DATA LISTING Block Start
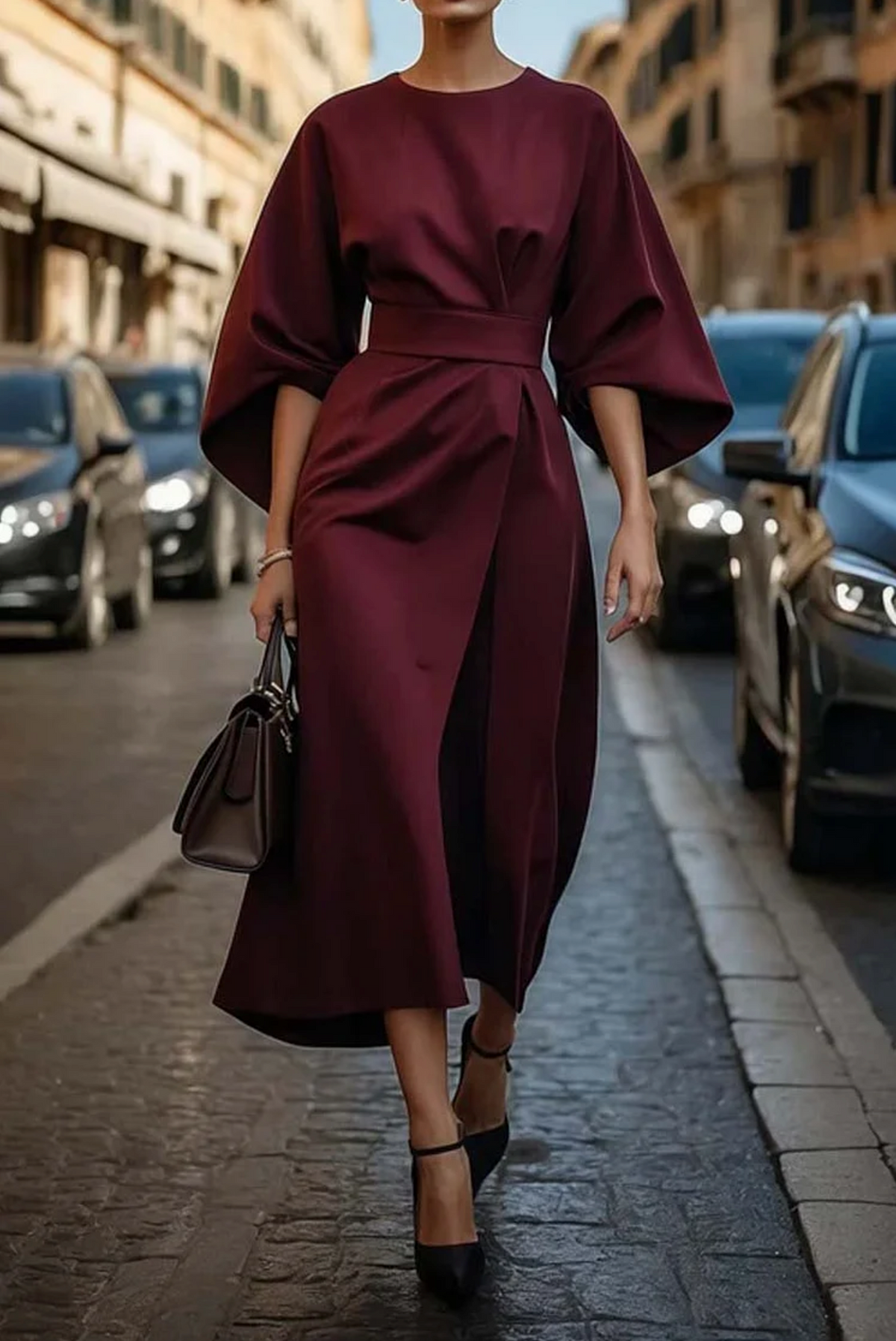 Matzliah | Elegant Lantern Sleeve Dress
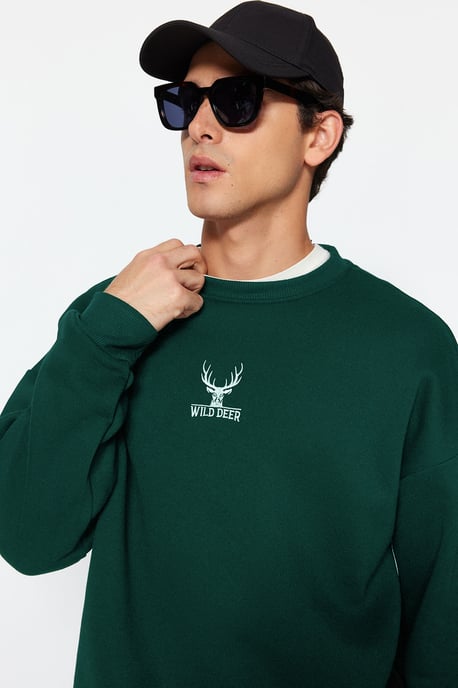 TRENDYOL MAN Herren Grün Animal-Print Lang Oversize Sweatshirts - Image 6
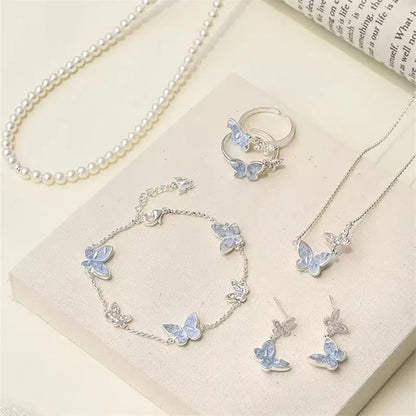 Silver butterfly set for women with crystals.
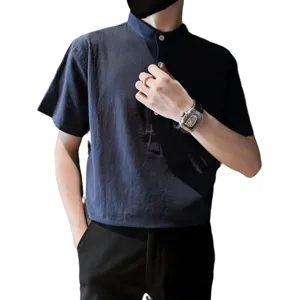 Men's summer short sleeve cotton linen shirt mandarin collar casual top stylish apparel.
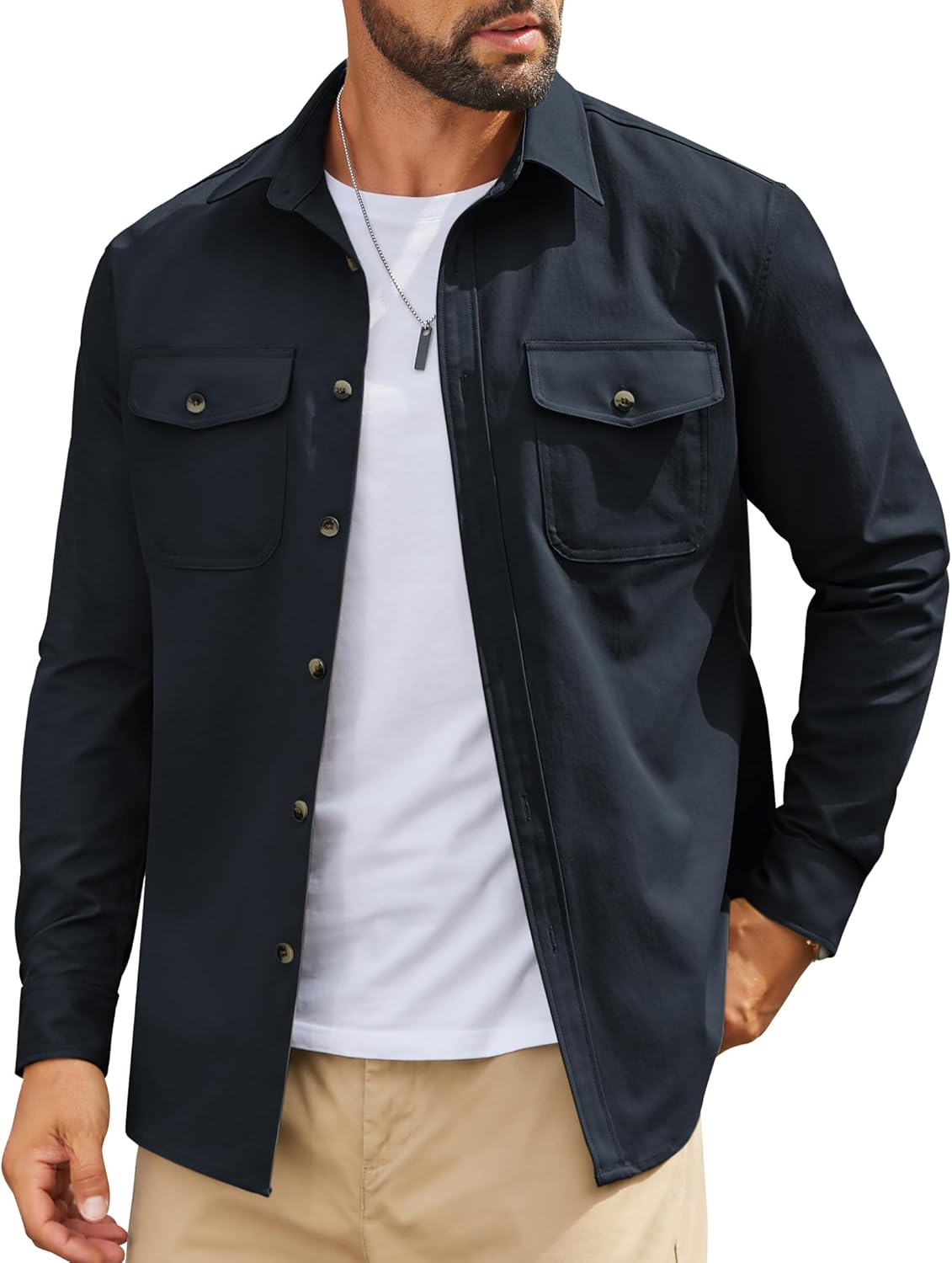 Mens Long Sleeve Button Down Work Shirt, Casual Workwear Shirt with Flap Pockets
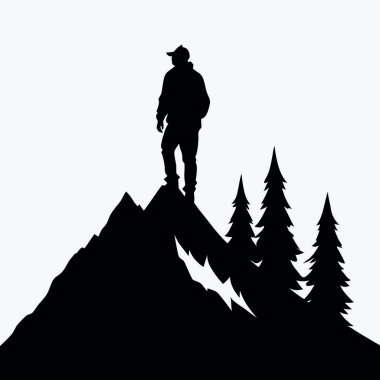 Arka planda dağ olan siluet adam. vektör illüstrasyonu
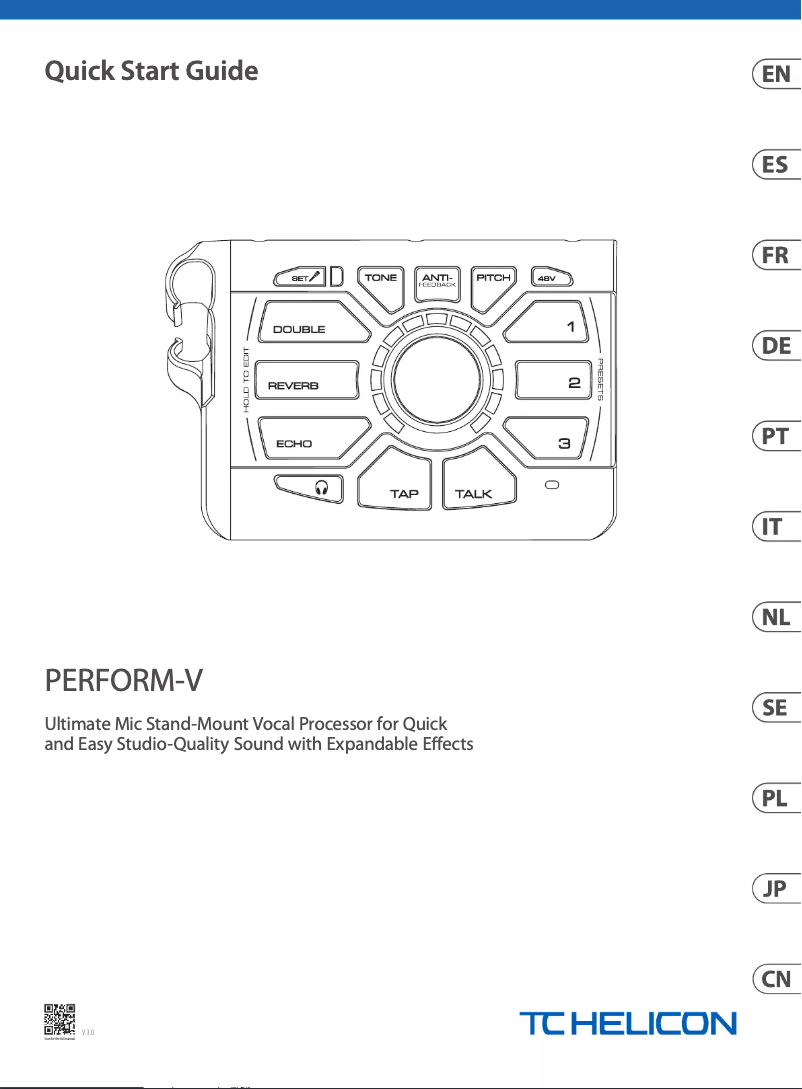 Page n°1 - Guide de démarrage rapide TC Helicon Perform-V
DATA LISTING Block End
▶ [ABOUT THIS EXERCISE]: Leave out the pictures and copy everything else in the records word for word.

▶ [OUTPUT]:
 Matzliah | Elegant Lantern Sleeve Dress
 TRENDYOL MAN Herren Grün Animal-Print Lang Oversize Sweatshirts - Image 6
 Silver butterfly set for women with crystals.
 Men's summer short sleeve cotton linen shirt mandarin collar casual top stylish apparel.
 Mens Long Sleeve Button Down Work Shirt, Casual Workwear Shirt with Flap Pockets
 Arka planda dağ olan siluet adam. vektör illüstrasyonu
 Page n°1 - Guide de démarrage rapide TC Helicon Perform-V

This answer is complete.